Acade and Main Entrance to Central Railway Station By Mikhail Varentsov

The largest and most popular is the 500-capacity Club Hercules, with a crowd that ranges from 18 to 60. Its busy first-level dance floor is complemented by a basement bar. Operating seven days a week until 4 A.M., it’s guaranteed to be open, even if you stop over in Helsinki for even a single Monday night.

DTM (Don’t Tell Mama) is another busy dance venue, with patrons who skew younger. Expect to hear plenty of sleek, multilingual Eurovision pop tunes in addition to more familiar English-language dance music.

In the Brooklyn-vibed neighborhood of Harju, Fairytale is a small, old-school gay watering hole where locals stop in for drinks and friendly conversations at happy hour and into the night. If you’re planning on spending more than a day in Helsinki, this is a great choice for getting some inside info on where to find pop-up parties and other gay social events that may be going on while you’re in town.

Similarly, a great resource by day is the Bear Park Café, where bulletin boards and flyers provide a wonderful overview of what’s going on around town.
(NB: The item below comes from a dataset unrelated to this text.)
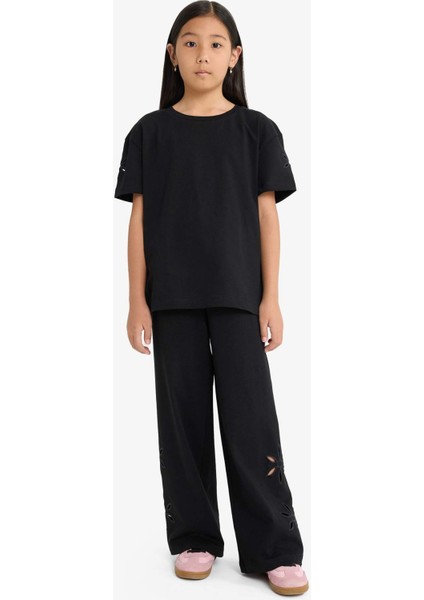 Kız Çocuk Geniş Bol Paça Brode Pantolon G1631A825AU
The gregarious bearded staff members here are generally happy to chat and provide tips to gay tourists. As its name suggests, the café is across the street from Bear Park, a pleasant green space to picnic with a to-go sandwich and take an obligatory photo with its hallmark ursine statue. During Helsinki Pride each year, the park hosts a boisterous hairy-dudes-in-drag fiesta (Pride 2019 runs from June 24-30).